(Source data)
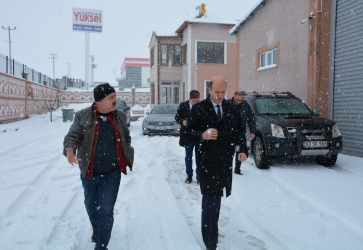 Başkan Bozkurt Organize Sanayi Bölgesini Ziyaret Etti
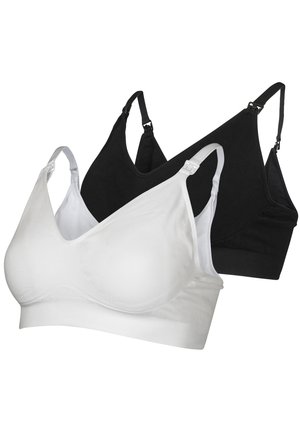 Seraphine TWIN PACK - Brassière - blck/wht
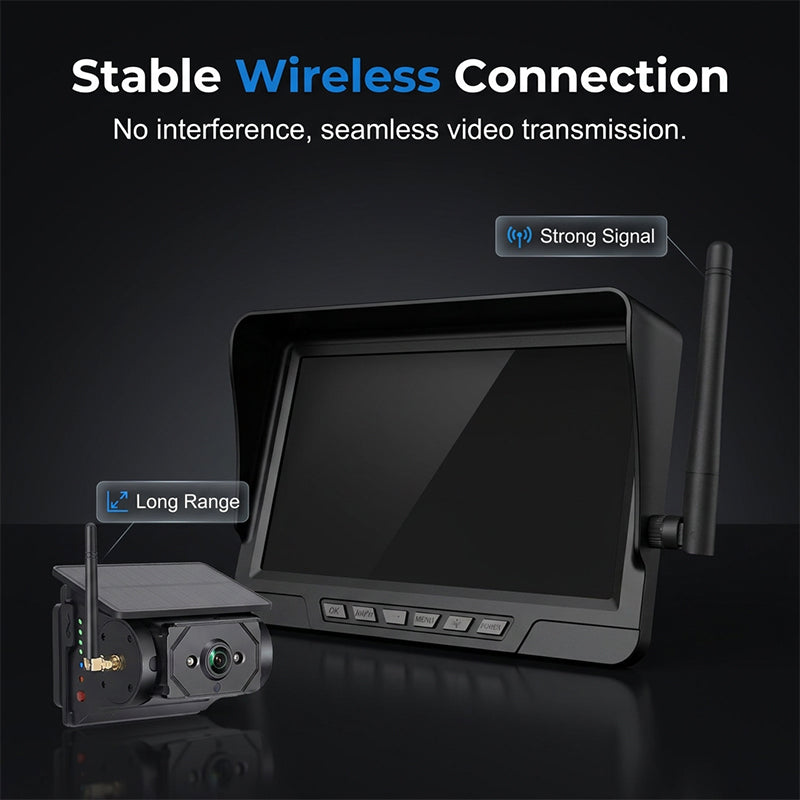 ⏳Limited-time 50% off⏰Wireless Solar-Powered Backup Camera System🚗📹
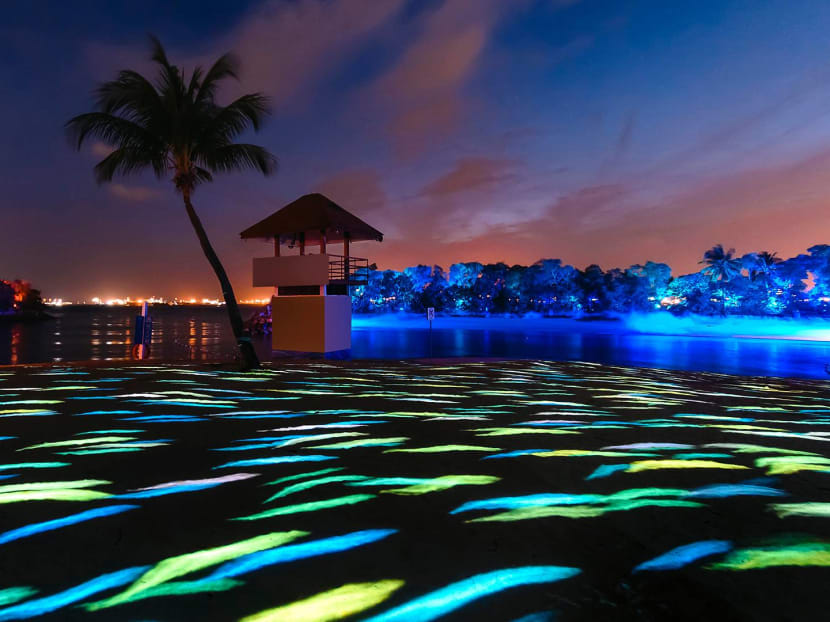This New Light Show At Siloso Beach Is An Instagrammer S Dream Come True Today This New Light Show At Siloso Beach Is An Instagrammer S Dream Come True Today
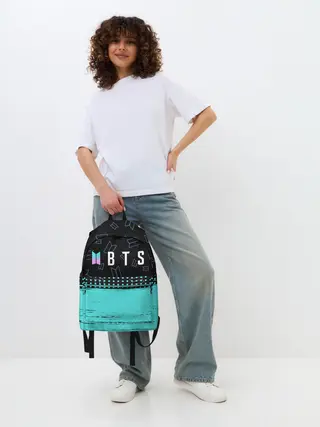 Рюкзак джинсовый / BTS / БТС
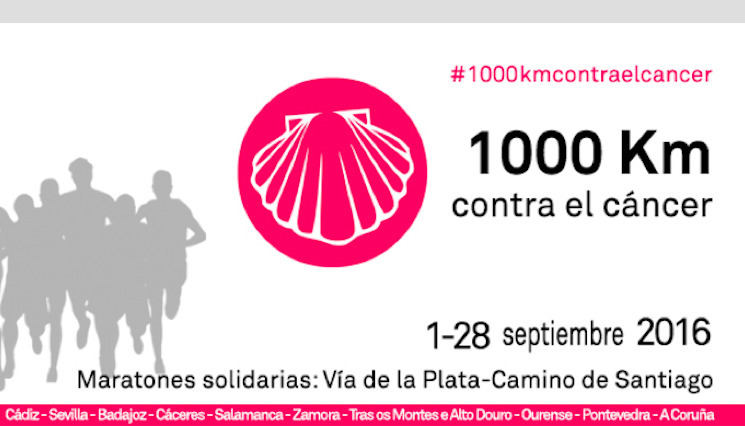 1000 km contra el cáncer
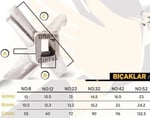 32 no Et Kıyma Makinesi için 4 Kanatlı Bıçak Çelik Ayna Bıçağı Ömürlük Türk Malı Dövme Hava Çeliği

• [TASK]
Please output the lines of the records above from the one with "Seraphine TWIN PACK - Brassière - blck/wht" through the last, exactly as they appear and with both ends included; skip any pictures and add nothing.

• [YOUR RESPONSE]
 Seraphine TWIN PACK - Brassière - blck/wht
 ⏳Limited-time 50% off⏰Wireless Solar-Powered Backup Camera System🚗📹
This New Light Show At Siloso Beach Is An Instagrammer S Dream Come True Today This New Light Show At Siloso Beach Is An Instagrammer S Dream Come True Today
 Рюкзак джинсовый / BTS / БТС
 1000 km contra el cáncer
 32 no Et Kıyma Makinesi için 4 Kanatlı Bıçak Çelik Ayna Bıçağı Ömürlük Türk Malı Dövme Hava Çeliği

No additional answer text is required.